Maybe people don’t listen to you because you don’t play the algorithm game, or because you’re a woman (or insert another minority here).
Could it also be that maybe you didn’t love the problem enough?
Or perhaps you didn’t hold on long enough, maybe pushing for one more month or one more year would have seen you through. Or maybe not. Maybe pushing through is too much for you and where you are at right now.
We are led to believe that we can get to this graph below. But what if we don’t? Is the work to get there truly worth all the sacrifices along the way? Do we have to just keep hustling more? Do we miss out on our kids growing up to get there? At what point do we say ‘no’.
What are we even measuring here? Is money, followers and subscribers the only measure? Surely there is more to life than that?
So many things at play. So many reasons for things succeeding and also for not working out.
I’m not saying not to take advice from people. It’s more to take advice with a pinch of salt and choose to listen to people who care or know your situation well.

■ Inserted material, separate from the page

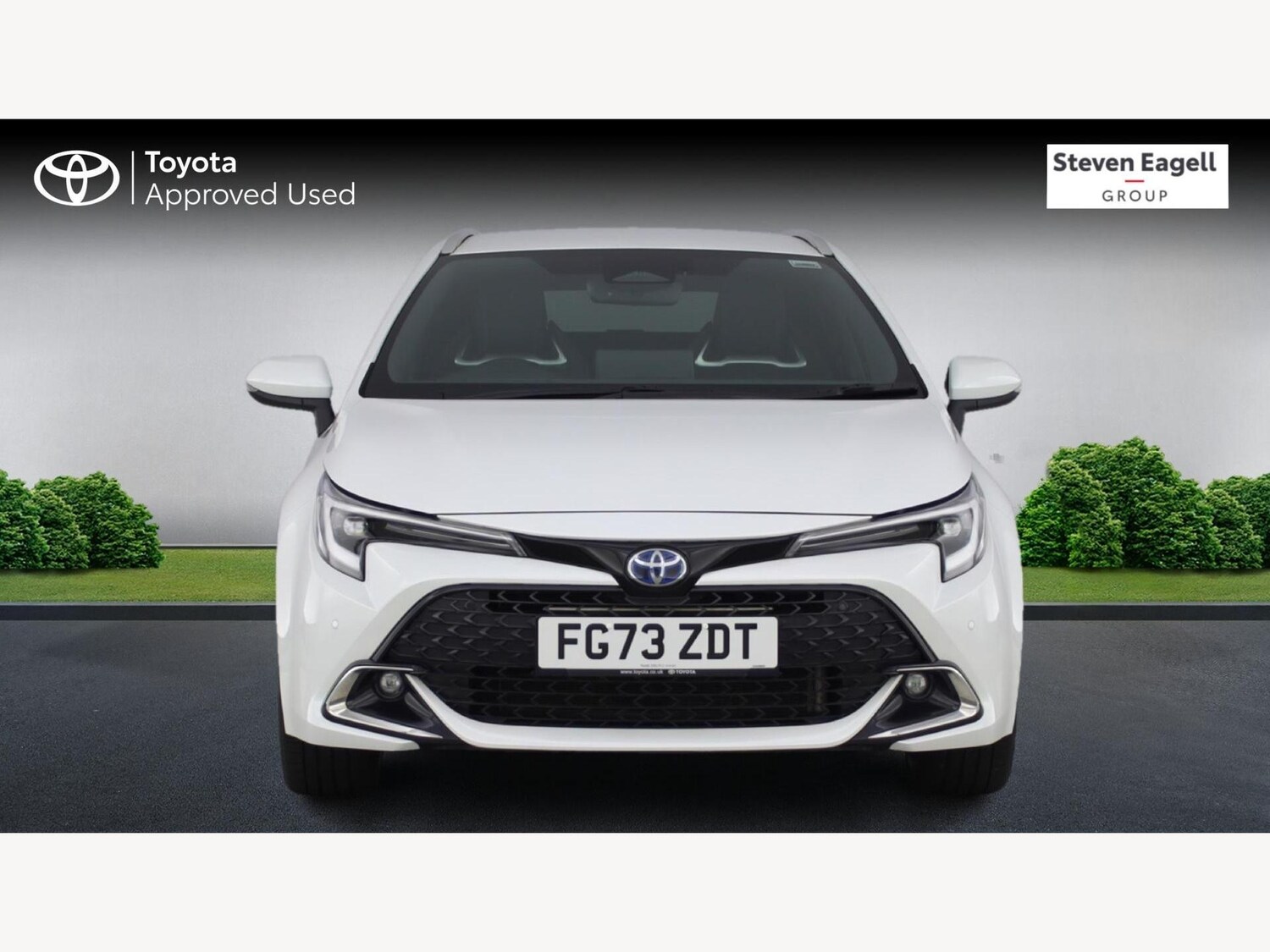 Used Toyota Corolla 2023 for sale - 76550430: Photo 17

I’m not saying not to take a good stab at a successful business. Definitely go for it, but don’t expect your story to be the same as what is marketed to you.
What the growth charts miss
I guess what I am saying is that reality is different.
The constant chasing of attention is unhealthy and mostly a distraction. We get excited and dangerously worship spikes even if we know it’s often meaningless and the trough of sorrow will follow.
As indie founders the spikes in traffic are like drugs. They are chased like an addiction. We worship them. Tell stories of their greatness.
What people also seem to miss out on is how this growth obsession destroy spaces. How they create extra work, noise and waste. How communities get bombarded and drowned out with all the ‘marketing hacks’. How we waste our one precious life sifting through growth stories just so we can hope to get in on it too. How we’re made to feel inadequate because we have not quite achieved those numbers.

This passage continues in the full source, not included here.